Dans pareille ambiance, les personnages n’étant plus que résidents en jean ou thérapeutes en gilet rouge, il est difficile d’apprécier les interprètes car, comme le dit Stéphanie d’Oustrac, « la mise en scène influe sur le chant ». Reine de carnaval en tablier jaune, Ekaterina Semenchuk n’est jamais Didon. Sa voix est belle, son français approximatif, mais ni Anna, ni Énée, ni Tcherniakov ne la prennent au sérieux ; et, dans ses dernières scènes, la noblesse attendue laisse la place à l’hystérie, puis à une espèce de vaine placidité.
Aude Extrémo est une Anna glacée, Christian Van Horn un Narbal sans grandeur, mais l’un et l’autre jouent fort bien au ping-pong pendant leur duo. La vedette revient à Cyrille Dubois, Iopas idéal de douceur et de légèreté, même si l’on attend toujours de sa part une note ineffable en voix de tête sur les mots « Que d’heureux tu fais ».

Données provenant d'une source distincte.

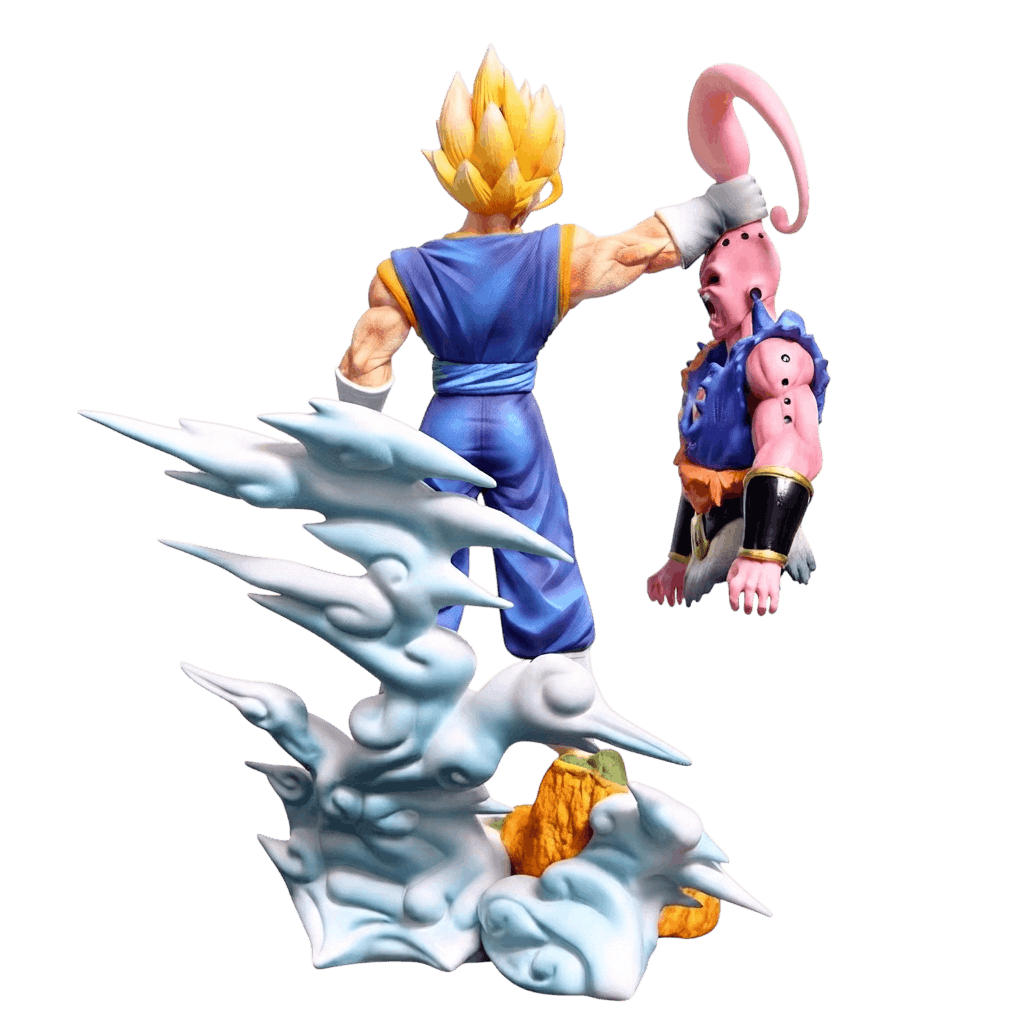 Diorama Vegetto vs Super Buu vue de dos, spirale d'aura sculptée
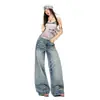 Jeans de Pierna Ancha Lavados con Bigotes Sueltos de Cintura Alta Retro Americano Azul Claro de Moda Nuevos de Verano 2026 para Mujer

Reste le cas d’Énée : Brandon Jovanovich est, à vrai dire, le seul qui sorte à peu près indemne de l’épreuve carthaginoise. D’abord, parce qu’on l’a entendu dans les deux premiers actes : viril, tout d’une pièce, au chant sans grande nuance, mais aussi sans complexe. Son air d’entrée avait surpris par sa brutalité assumée ; à Carthage, c’est le même Énée rustaud qui s’exprime vocalement et physiquement (le III s’achève par un combat de catch !) et ne cherche pas à contourner les difficultés (le do aigu d’« Inutiles regrets » est chanté sur les mots « Ô ma reine adorée », comme le faisait Jon Vickers).
Bryan Hymel, annoncé dans la brochure de saison, aurait été d’une tout autre élégance, mais le duo du IV entre Semenchuk et Jovanovich est l’un des rares moments où l’épisode carthaginois retrouve un peu d’intérêt, car il n’est pas abordé comme un duo d’amour, mais comme une joute mythologique.
Au fait, on attend toujours une version intégrale des Troyens à l’Opéra de Paris, comme le Covent Garden nous en a offert plus d’une. Il se peut qu’on l’attende longtemps encore.